"""
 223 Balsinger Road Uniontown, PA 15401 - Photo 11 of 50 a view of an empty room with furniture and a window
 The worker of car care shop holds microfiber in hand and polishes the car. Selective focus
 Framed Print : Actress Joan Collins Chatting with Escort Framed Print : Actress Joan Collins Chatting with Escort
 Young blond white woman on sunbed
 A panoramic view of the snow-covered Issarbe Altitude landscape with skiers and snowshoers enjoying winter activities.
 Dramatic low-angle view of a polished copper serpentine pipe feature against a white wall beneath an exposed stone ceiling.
"""
"""
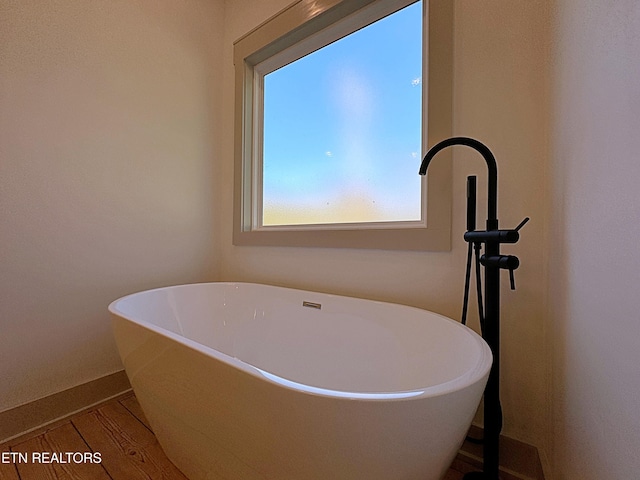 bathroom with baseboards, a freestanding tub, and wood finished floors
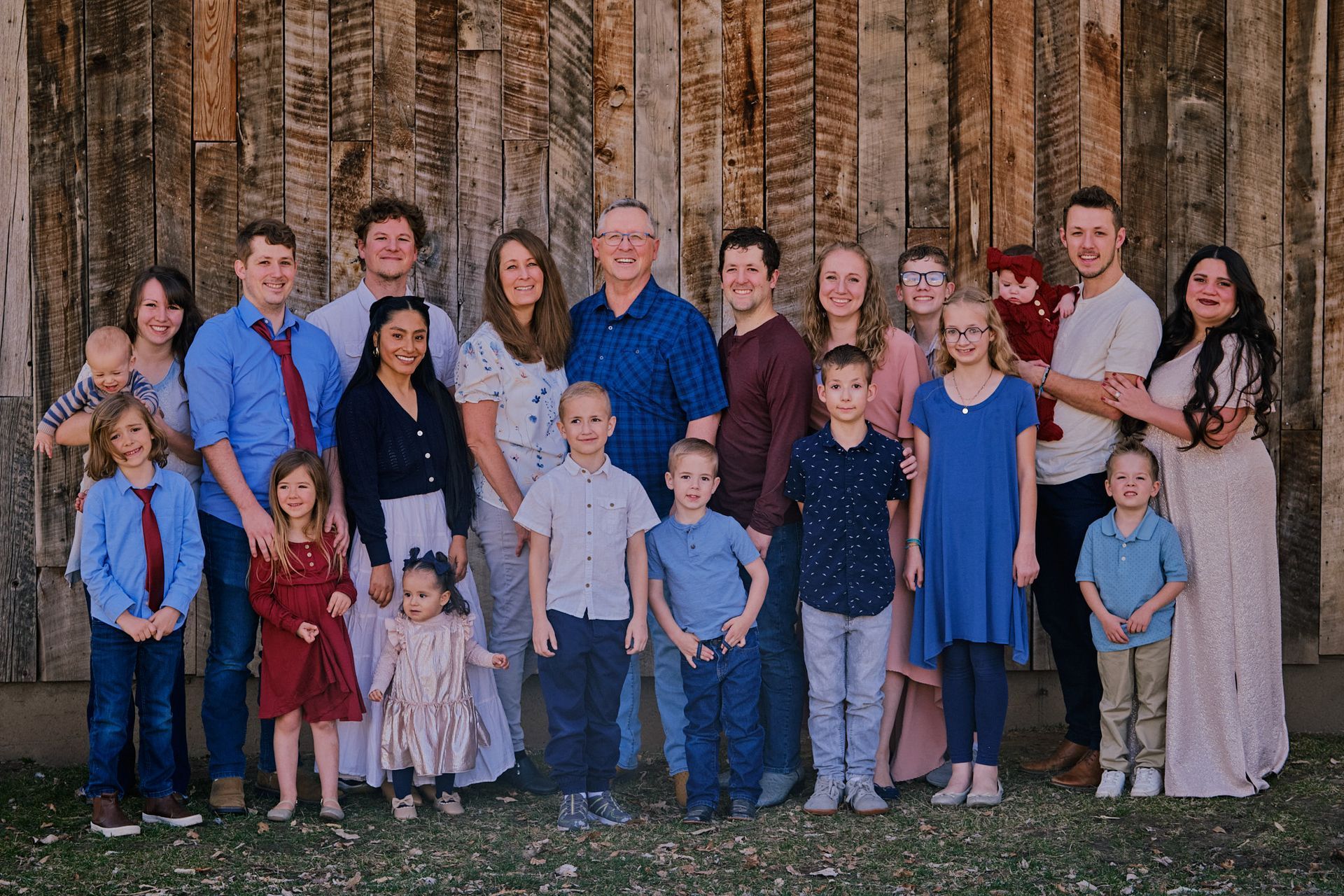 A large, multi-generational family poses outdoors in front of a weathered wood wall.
"""
"""
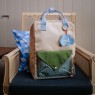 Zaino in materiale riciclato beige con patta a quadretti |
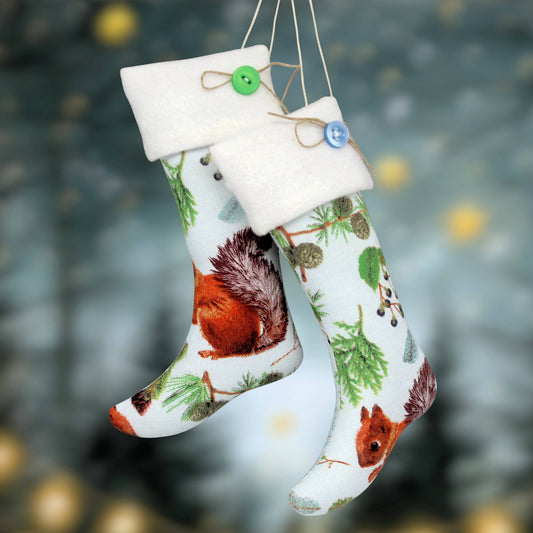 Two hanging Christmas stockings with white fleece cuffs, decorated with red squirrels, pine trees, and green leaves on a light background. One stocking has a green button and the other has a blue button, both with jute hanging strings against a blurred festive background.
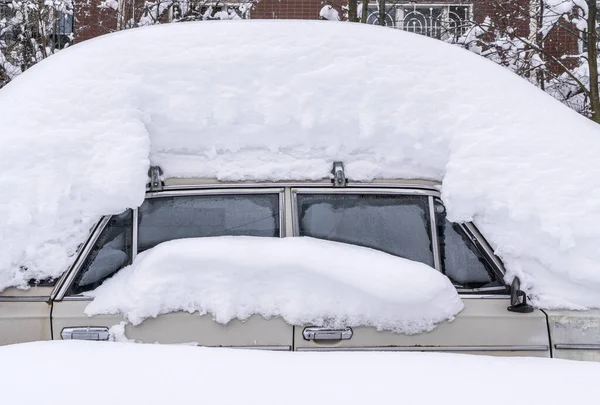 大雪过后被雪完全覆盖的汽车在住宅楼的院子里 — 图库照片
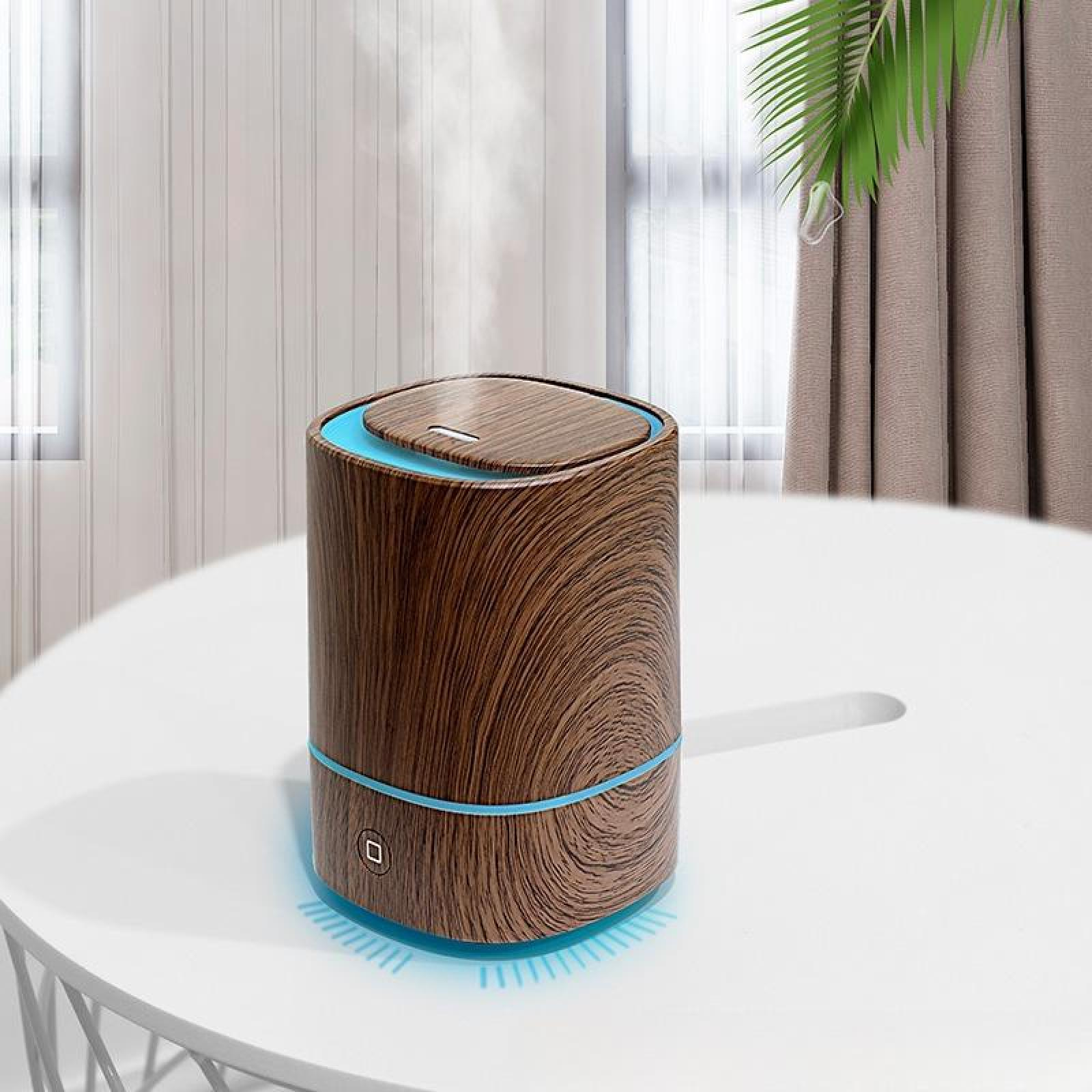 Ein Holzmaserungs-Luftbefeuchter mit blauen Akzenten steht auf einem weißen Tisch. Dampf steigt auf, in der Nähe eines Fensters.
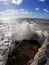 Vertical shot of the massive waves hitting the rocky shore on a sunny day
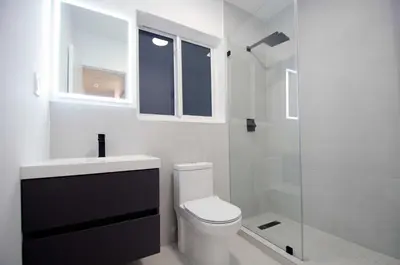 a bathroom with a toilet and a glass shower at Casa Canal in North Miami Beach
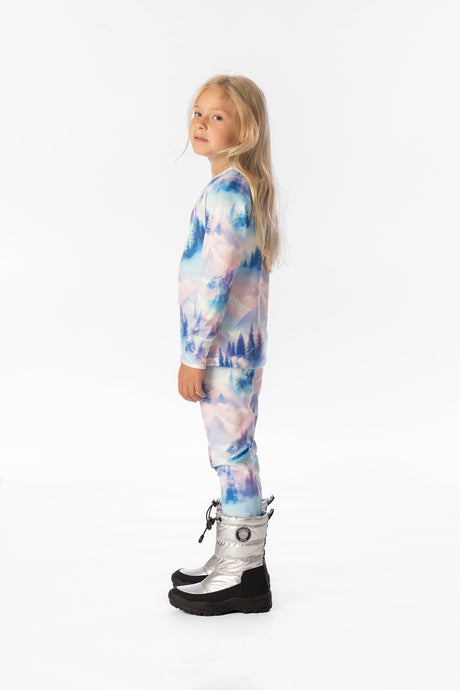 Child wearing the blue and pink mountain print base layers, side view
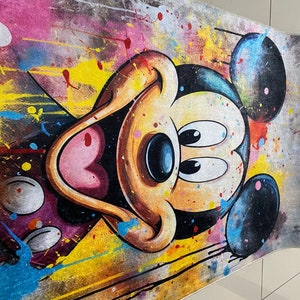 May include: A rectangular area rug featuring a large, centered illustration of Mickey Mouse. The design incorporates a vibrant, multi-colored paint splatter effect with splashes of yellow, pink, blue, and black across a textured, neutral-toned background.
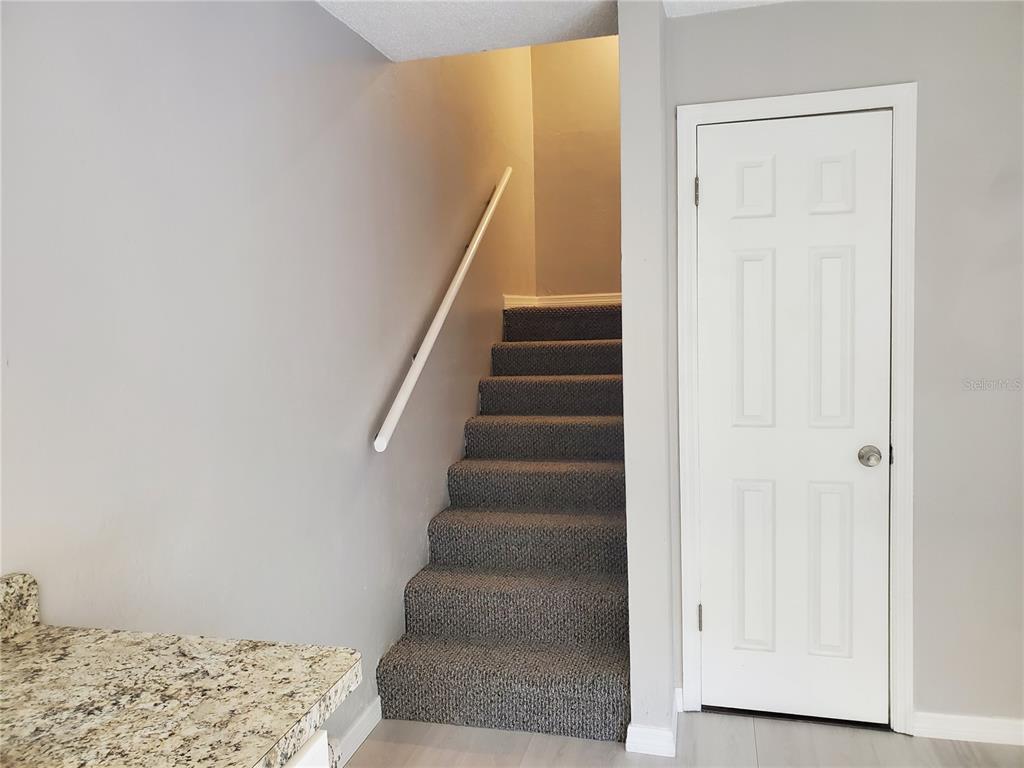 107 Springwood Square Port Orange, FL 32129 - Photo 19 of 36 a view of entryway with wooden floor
"""
Work request: Going by the entries above, repeat exactly the lines that start at the line with "Ein Holzmaserungs-Luftbefeuchter mit" and go on through the line with "107 Springwood Square". Pictures are not part of the copy.

Result for this exercise:
 Ein Holzmaserungs-Luftbefeuchter mit blauen Akzenten steht auf einem weißen Tisch. Dampf steigt auf, in der Nähe eines Fensters.
 Vertical shot of the massive waves hitting the rocky shore on a sunny day
 a bathroom with a toilet and a glass shower at Casa Canal in North Miami Beach
 Child wearing the blue and pink mountain print base layers, side view
 May include: A rectangular area rug featuring a large, centered illustration of Mickey Mouse. The design incorporates a vibrant, multi-colored paint splatter effect with splashes of yellow, pink, blue, and black across a textured, neutral-toned background.
 107 Springwood Square Port Orange, FL 32129 - Photo 19 of 36 a view of entryway with wooden floor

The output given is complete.